* _The data_
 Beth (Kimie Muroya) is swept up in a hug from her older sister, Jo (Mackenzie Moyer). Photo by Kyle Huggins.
...
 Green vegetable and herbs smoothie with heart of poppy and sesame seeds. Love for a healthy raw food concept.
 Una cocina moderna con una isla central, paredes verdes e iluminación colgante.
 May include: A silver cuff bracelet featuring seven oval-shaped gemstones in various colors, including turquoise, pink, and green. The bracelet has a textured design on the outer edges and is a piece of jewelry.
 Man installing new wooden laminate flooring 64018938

* _What needs to be done_
In the entries above, find the line with "Una cocina moderna" and the line with "Man installing new", then restate word for word both of them and every line between, with nothing more.

* _Response_
 Una cocina moderna con una isla central, paredes verdes e iluminación colgante.
 May include: A silver cuff bracelet featuring seven oval-shaped gemstones in various colors, including turquoise, pink, and green. The bracelet has a textured design on the outer edges and is a piece of jewelry.
 Man installing new wooden laminate flooring 64018938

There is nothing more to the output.